An Evening with Sloan

One Chord to Another 20th Anniversary tour promo image (small) I am very excited for An Evening with SLOAN: the One Chord to Another 20th Anniversary Tour, coming up April 26th at the Rickshaw Stop here in San Francisco. [This was AWESOME, by the way. – JLG, 5/9/16] Most of my past Sloan concert experiences, with a couple notable exceptions, have been solo affairs; this time, happily, I will share it with my friend Chris (to whom I introduced the music of Sloan about 8 years ago by now). Tickets are on sale now for all you Canucks and Canuckophiles out there.

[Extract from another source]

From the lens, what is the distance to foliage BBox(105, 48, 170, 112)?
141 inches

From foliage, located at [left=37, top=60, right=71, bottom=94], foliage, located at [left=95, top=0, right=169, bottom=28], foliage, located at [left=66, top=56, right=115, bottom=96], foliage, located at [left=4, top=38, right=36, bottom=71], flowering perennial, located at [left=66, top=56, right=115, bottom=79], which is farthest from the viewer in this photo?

According to Exclaim.ca, your best source for the Canadian music news you crave, “Sloan will play two sets a night, with a full-album performance of One Chord to Another preceding a more general set of ‘hits and fan favourites.'” They played two sets behind their latest album, Commonwealth (a double album), at Rickshaw Stop a little over a year ago, and it was amazing.

As for One Chord to Another (a.k.a. “OCTA”), it has a special place in my heart for many reasons. It was my first Sloan CD, acquired at a record store on St. Mark’s Place over spring break 1997, visiting my childhood best friend Will during his sweet gig as an RA at NYU. I remember listening to it on my Discman on the Gray Line bus on the way back from NYC to Ithaca. In a classic college thing, I’d gotten a ride from Madison to Ithaca and back from some girls I knew from Model UN, and the bus from Ithaca was super cheap.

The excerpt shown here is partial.